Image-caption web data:
════
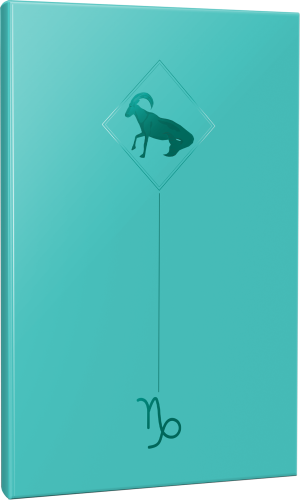 Oğlak - Astroloji Temalı 64 Sayfa Çizgisiz Defter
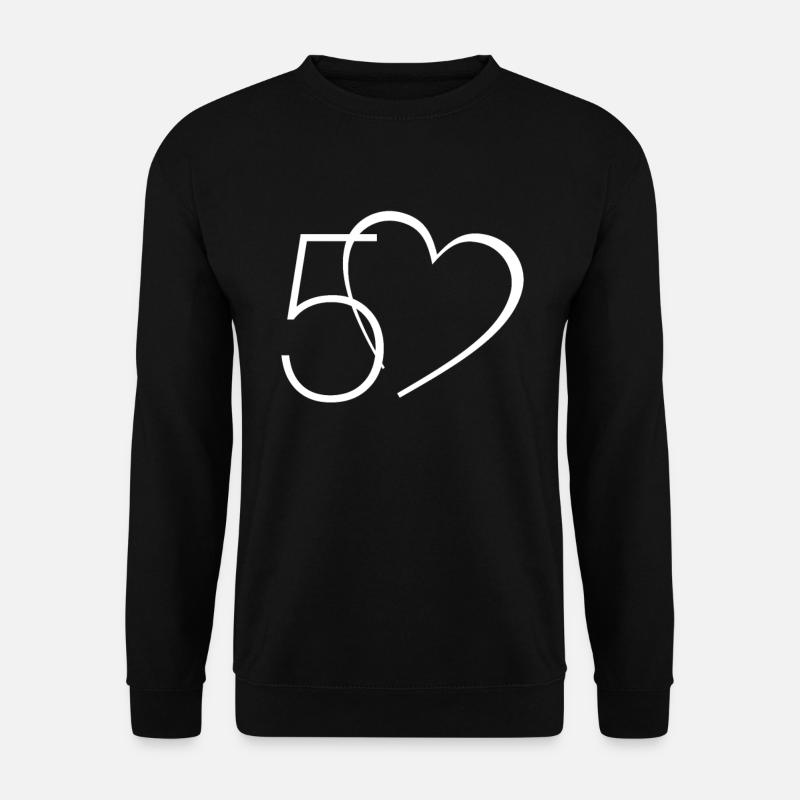 50 Geburtstag Geschnekidee - Unisex Pullover - Schwarz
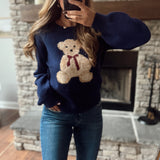 Navy Bearly Awake Sweater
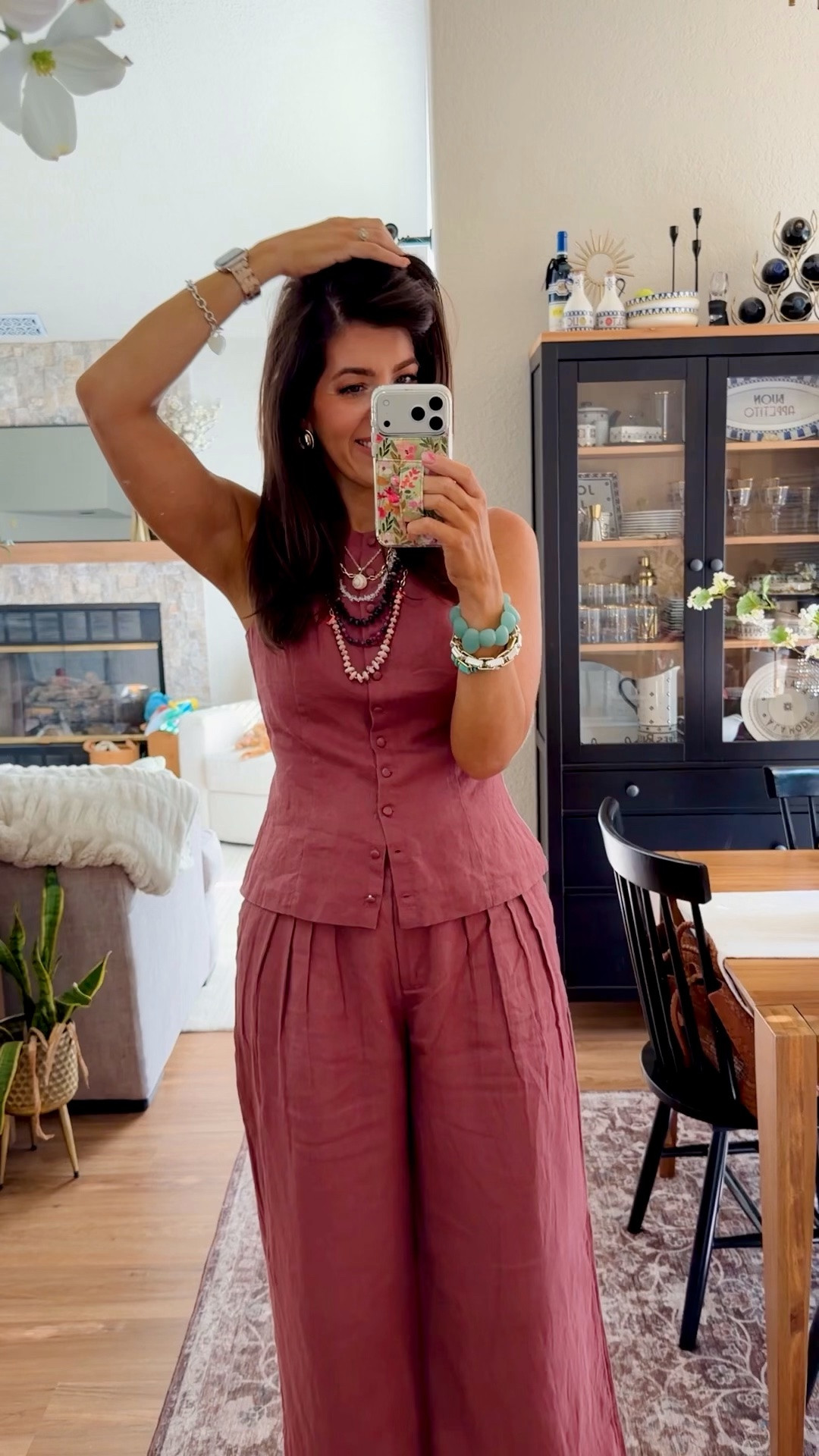 What I wore to the office
In a medium vest and 29 long wide leg trouser pants

#LTKxAbercrombie #LTKMidsize #LTKWorkwear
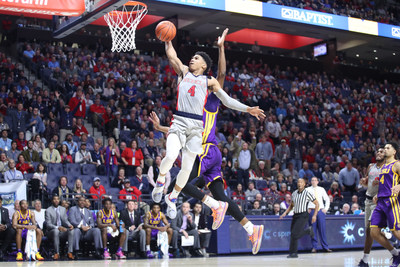 Ole Miss Basketball vs LSU on January 15th, 2019 at The Pavilion in Oxford, MS. Photo by Josh McCoy/Ole Miss Athletics; Instagram and Twitter: @OleMissPix; Buy Photos at RebelWallArt.com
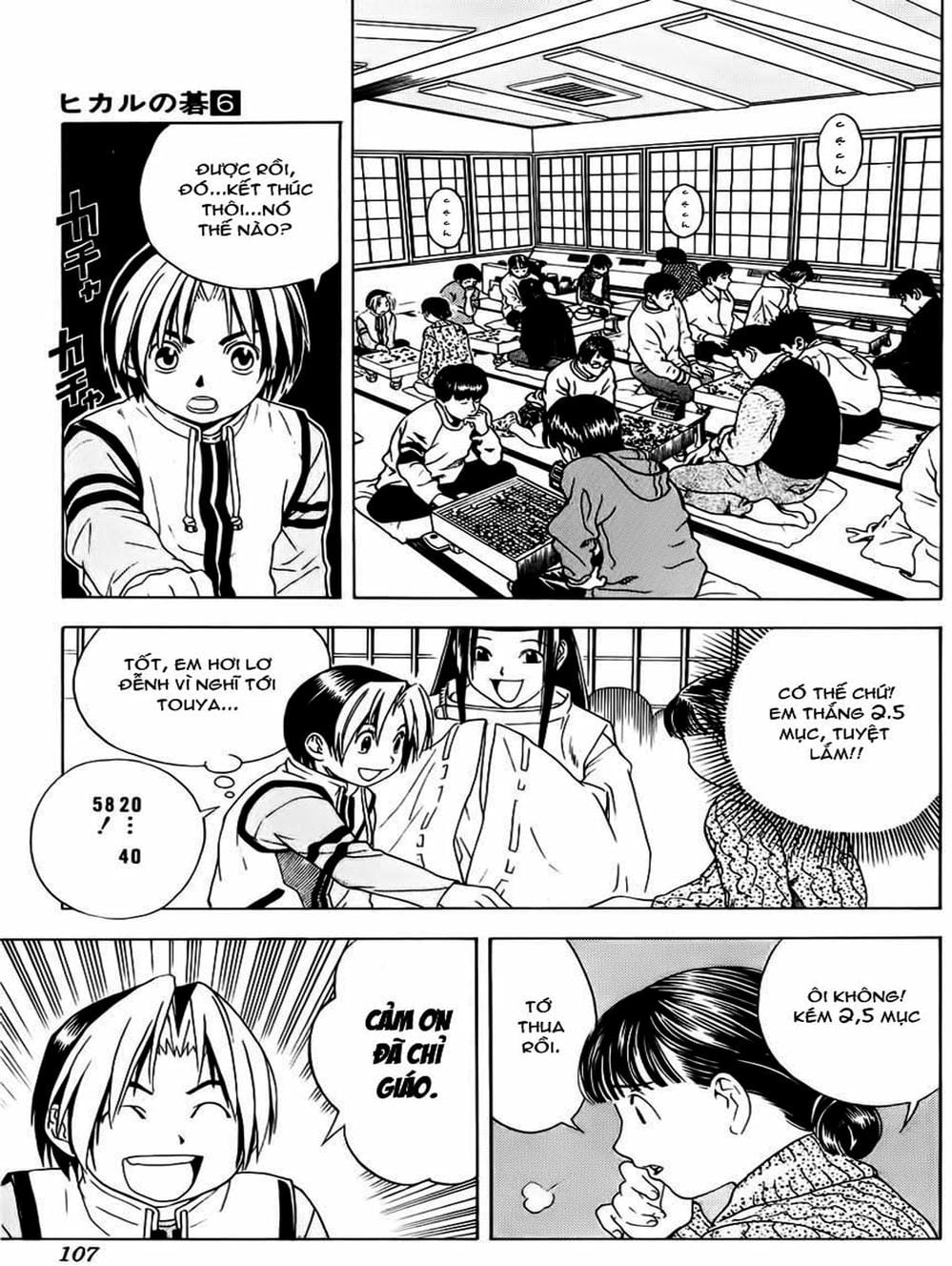 Truyện Tranh Kì Thủ Cờ Vây - Hikaru No Go trang 6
════
Exercise directions: Would you copy out every entry above word for word, without the pictures?

Response for this exercise:
 Oğlak - Astroloji Temalı 64 Sayfa Çizgisiz Defter
 50 Geburtstag Geschnekidee - Unisex Pullover - Schwarz
 Navy Bearly Awake Sweater
 What I wore to the office
In a medium vest and 29 long wide leg trouser pants

#LTKxAbercrombie #LTKMidsize #LTKWorkwear
 Ole Miss Basketball vs LSU on January 15th, 2019 at The Pavilion in Oxford, MS. Photo by Josh McCoy/Ole Miss Athletics; Instagram and Twitter: @OleMissPix; Buy Photos at RebelWallArt.com
 Truyện Tranh Kì Thủ Cờ Vây - Hikaru No Go trang 6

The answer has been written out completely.